When I think back I’m very lucky to have wonderful memories of childhood Christmas’s.

The weirdest of those memories is every year my mum used to take me to the local butchers where a old man (Eric) who was always sat in the corner of the butchers chatting to everyone coming and going and was incredibly tall, not because I was little, Tall, he was tall tall to deliver my letter to Father Christmas because Eric was one of his Elves.

I was so excited that I knew an Elf and saw him on the regular in the butchers of course.

My mum has passed away 20 odd years ago, I wish I could tell her how important that memory is but it always makes me giggle.
I wonder how/why she picked Eric.

Merry Christmas everyone.


30 comments
  1. Not a magical story but my brother and I had to go to separate church services for a couple of years as my brother kept singing like a rural shepherd and I laughed so much, it got too embarrassing for my parents so Dad took him to one and I went with Mum to the other. My brother still sings in a shepherds accent but I’m able to control myself these days

  2. Im 41 and my brother is 54. My dad still insists we put a mince pie, sherry and carrot out for santa on christmas eve or we wont get any presents.

    We tested this when we were about 28 and 41….not a present on christmas morning 😅

    We had to make Santa a bacon butty and go and sit upstairs whilst our dad “called” santa to tell him we’d had a change of heart 🤣

  3. My dad was an emergency shift worker all his life (fire and ambulance). When he worked Christmas Eve night he always “met” Santa, who said “Oh I’m glad I ran into you, I forgot to leave these [usually a selection box] for your kids. You can take them home with you, can’t you?”

  4. Oh there are so many things I have done for magic, I genuinely worry about if he will ever trust me again when he realises!

  5. My mum got a bag of manure to put in the garden and pretended to be raging the reindeer had shit everywhere 😂

  6. I was about 6 or 7 when I got wise to the whole Santa thing, but decided I wanted to do a quick test on Christmas Eve. I’d always left a Time Out and a Miller for Santa and a carrot for Rudolph, but I decided that year, it wasn’t fair unless all the reindeers got a treat.

    Mum (who’d seen where this was going and whom I definitely get most of my evil from) suggested the reindeer would like their own bowls of All Bran. Dad, not wanting to disappoint his only child, gamely agreed.

    On Christmas morning, I was delighted that Santa had had his beer and choccy bar, Rudolph had had his carrot (complete with teeth marks), and all of the reindeer had enjoyed their bowls of All Bran. It didn’t occur to me at the time why dad was a combination of green and grey, refused breakfast and couldn’t look All Bran in the face after that, but…well.
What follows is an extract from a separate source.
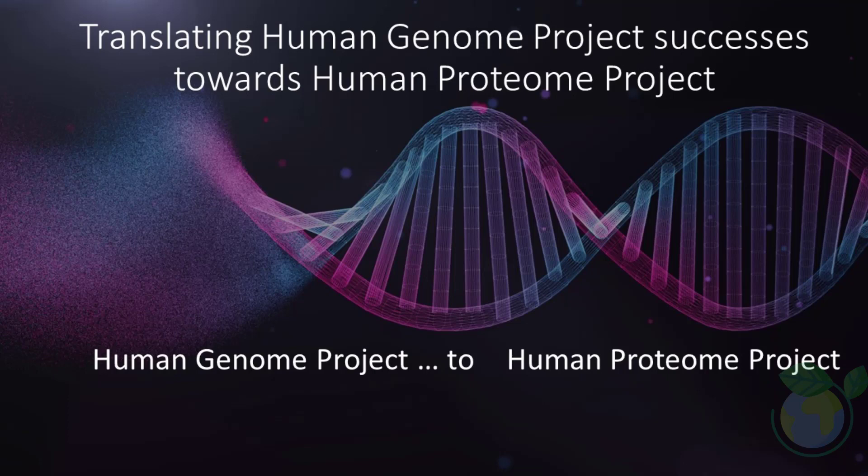Since the completion of the Human Genome Project, which mapped the entire human genome, many genomic markers have been identified and are used in medical sciences, some of which have been developed as routine tests in clinics.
  7. Not fully weird but more sweet

    I haven’t seen my baby cousin (5-6 yrs old) in person for a couple years, but we facetimed recently and my dad– who was quite the legend at keeping the magic alive when I was younger– told her that Santa uses magic to extend his arm suuuper long to get down small fireplaces or hands presents to parents through windows in places with no/small fireplaces

    Suddenly my cousin cuts in with ‘NO, Santa has a special oil which one drop causes him to shrink down very small so he can get inside houses’

    So I have no idea what her parents are telling her 😂

  8. Towards the end of my believing in Santa, I’d made it known that I had my doubts. That year when we went down on Christmas morning, there was a pile of poo* on the floor and I was told Rudolph had been naughty and gone to the toilet inside. In fact I think they had written a note from Santa explaining and apologising? It had me believing for a little while longer, although by the following Christmas I had stopped.

    * either my mum or dad went outside, got some mud from the garden, brought it in and shaped it like 💩 🙈😂

  9. My folks would hide this metal lockbox with chains wrapped around it like the one Jacob Marley drags in A Christmas Carol. Inside was a letter written by Marley telling us some ghost of Christmas type stuff that was relevant to our lives at the time, and it was full of those gold and silver chocolate coins. We looked forward to that treasure hunt more than Santa stuff. Legendary.

  10. I have a particular love of Santa’s reindeer… when I was little, my uncle was visiting, I had stayed up too late on Christmas Eve. He sneaked outside and was throwing rocks on the roof, so they sounded like reindeer hooves. I remember that every year.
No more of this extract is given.